Ada kalanya, kerajaan-kerajaan Islam yang ada itu berselisih dan berperang antara mereka. Untuk kepentingan politik dan ekonomi, mereka bertikai dan bekerjasama dengan perusahaan dagang Belanda. Keadaan seperti ini juga melanda bagian timur Nusantara. Di sana berdiri kerajaan Ternate, Tidore, dan beberapa kerajaan Islam yang kecil. 

Masuknya Kolonialisme ke Nusantara

Semua kerajaan Islam yang ada di Nusantara pada akhirnya menghadapi pengaruh-pengaruh yang datang dari Eropa, baik dengan bangsa Portugis, Belanda, atau Inggris yang sempat menduduki beberapa tempat penting di Nusantara. Dalam keadaan seperti itu, kerajaan-kerajaan Islam itu mengalami semacam kekalahan budaya, termasuk juga kekalahan politik. Mereka terpaksa menerima atau mengadaptasi pengaruh-pengaruh yang dibawa bangsa Eropa.

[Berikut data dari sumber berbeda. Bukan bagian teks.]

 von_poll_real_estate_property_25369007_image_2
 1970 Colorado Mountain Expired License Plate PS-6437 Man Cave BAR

Bangsa-bangsa Eropa hadir pertama kali di Nusantara untuk kepentingan perdagangan. Mereka mencapai Nusantara untuk mencari daerah-daerah produsen untuk pasaran masyarakat Eropa. Pada waktu itu, kepentingan agama, penyebaran agama Kristen menempati tempat ketiga dalam kepentingan mereka setelah kepentingan dagang dan politik. Bagaimana pun, Nusantara terkenal sebagai wilayah yang memiliki kekayaan alam yang melimpah.

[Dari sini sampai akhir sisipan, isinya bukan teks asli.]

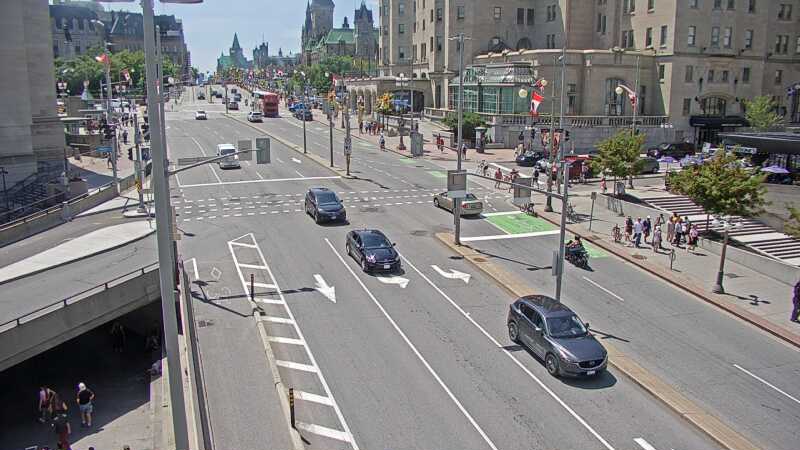Traffic camera image at 2025-06-30 17:50:12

Bangsa Portugis mencapai Nusantara mendahului bangsa Belanda. Mereka berniat menguasai Malaka. Ketika niat itu sudah terlaksana, mereka juga menguasai Maluku. Malaka dan Maluku pada waktu itu berperan sebagai bandar dagang terkemuka. Portugis  berusaha memonopoli sumber daya alam setempat. Akan tetapi di antara dua tempat itu, muncul bandar-bandar lain yang tidak kalah penting, seperti Banten, Sunda Kelapa, Cirebon, dan beberapa kota pesisir di Jawa bagian tengah dan timur.

Di kota-kota pesisir Jawa itulah bangsa Belanda menanam pengaruh. Mereka, dengan kongsi dagang VOC atau dikenal dengan sebutan Kompeni, ingin merebut monopoli perdagangan dari tangan Portugis. Merebut monopoli perdagangan seperti memaksa mereka untuk turut campur dalam politik kerajaan-kerajaan Islam setempat. Bahkan, ada kalanya, kepentingan Portugis dan Belanda mewujud dalam persekutuan masing-masing dengan dua kerajaan Islam yang kebetulan sedang bertikai.

Pada titik tersebut, sepintas dapat dinilai bahwa kepentingan dagang mendominasi politik mereka. Akan tetapi patut untuk dicermati bahwa Belanda dengan kongsi dagang mereka memiliki sentimen keagamaan terhadap Portugis. Sentimen tersebut hampir seumur dengan sejarah agama Kristen Protestan. Sebagaimana dapat dilihat, orang-orang Belanda adalah para pemeluk Kristen Protestan, sedangkan orang-orang Portugis adalah para pemeluk Kristen Katolik. Masing-masing membawa pandangan negatif terhadap satu sama lain.

Sejarah mencatat bahwa bangsa Belanda lebih lama dan luas berdiam di Nusantara. Tidak sepenuhnya benar mendiami selama 350 tahun, Belanda menguasai sebagian wilayah di Nusantara. Bermula dari kepentingan dagang, mereka kemudian membangun sebuah pemerintahan kolonial yang berada di bawah tanggung jawab Menteri Daerah Jajahan di Belanda. 

Selama rentang waktu yang panjang itu, keberadaan Belanda di Nusantara terbedakan menjadi dua periode, periode Kompeni (VOC) dan periode Hindia Belanda. Kompeni bubar akibat kebangkrutan yang dideritanya. Wilayah-wilayah di Nusantara diwariskan ke Kerajaan Belanda.